8.2 How the Output Was Used

The response was used as a general outline for the report structure. The code and explanations were modified to match the actual dataset, especially the wage outcome variable and the available predictors.

8.3 Verification

The code was checked by rendering the Quarto document, confirming that the dataset loaded correctly, and reviewing the model outputs, tables, and plots.

9 Final Reflections

With more time and better data, I would improve the analysis by adding more detailed performance variables such as goals, assists, minutes played, injury history, contract length, and transfer value. These variables would likely improve prediction accuracy and create a richer economic interpretation.

A new economic question inspired by this analysis is:

Do football players from certain nationalities or leagues earn wage premiums even after controlling for experience and performance?

This question would allow future research to investigate labor market segmentation, reputation effects, and possible wage inequality in professional football.

10 Conclusion

This final report examined the determinants of professional football player wages using a regression-based predictive modeling approach.

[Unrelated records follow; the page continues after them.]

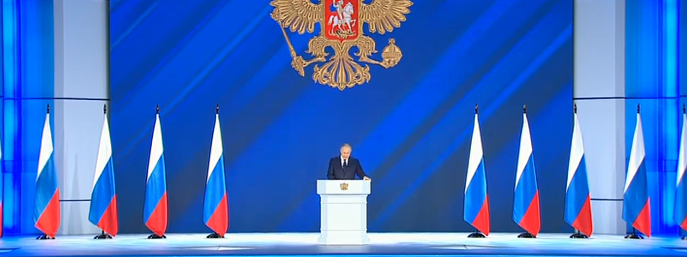 21.04 2021 г. Послание Владимира Путина Федеральному собранию. фото с сайта Яндекс-картинки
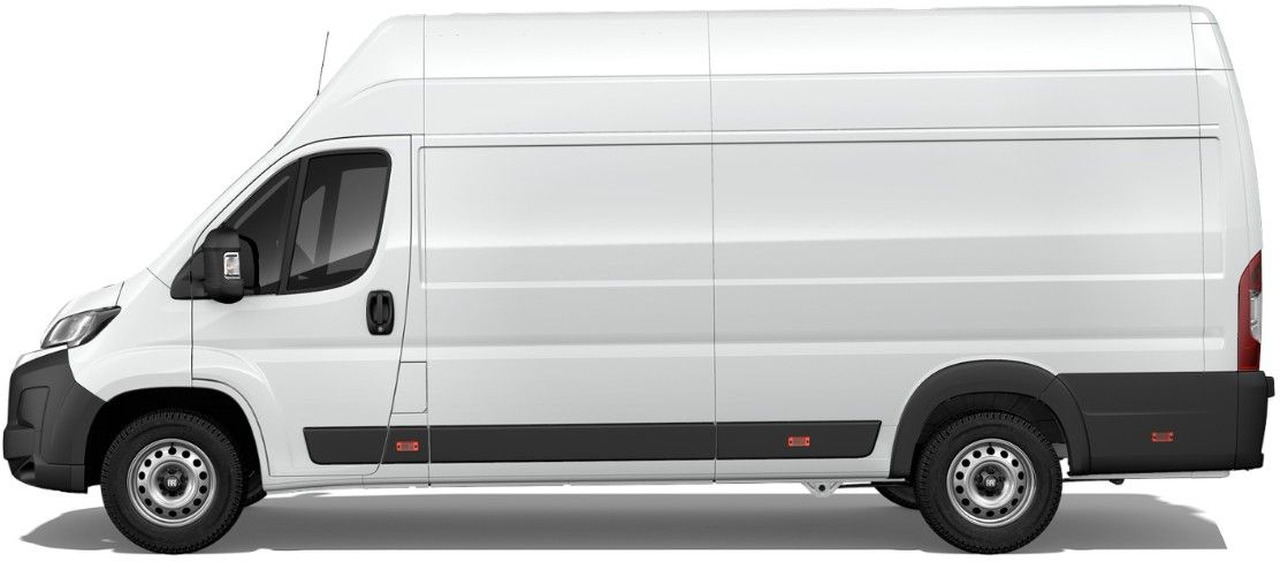 Fiat Ducato  35H L4H3 180 Kastenwagen 2025 - Fourgon utilitaire: photos 3 Fiat Ducato  35H L4H3 180 Kastenwagen 2025 - Fourgon utilitaire: photos 3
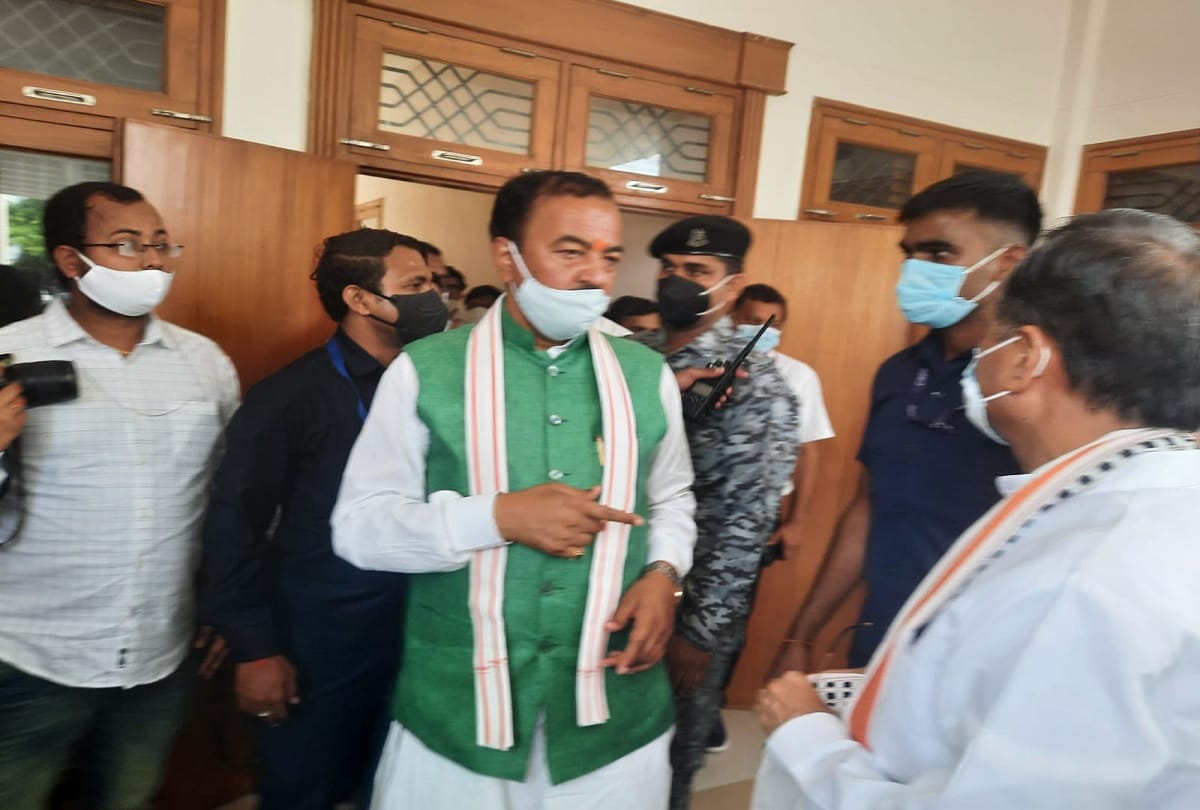 UP: Keshav Prasad Maurya will become Deputy CM again will get some new responsibility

The analysis showed that wages are highly right-skewed and that a log transformation makes the outcome more suitable for modeling.

The regression models suggest that player experience, international recognition, position, and league are useful predictors of wages. Economically, this supports the idea that football wages reflect both human capital and market visibility. Although the analysis has limitations, it provides a clear example of how data science methods can be used to study wage determination in a high-value sports labor market.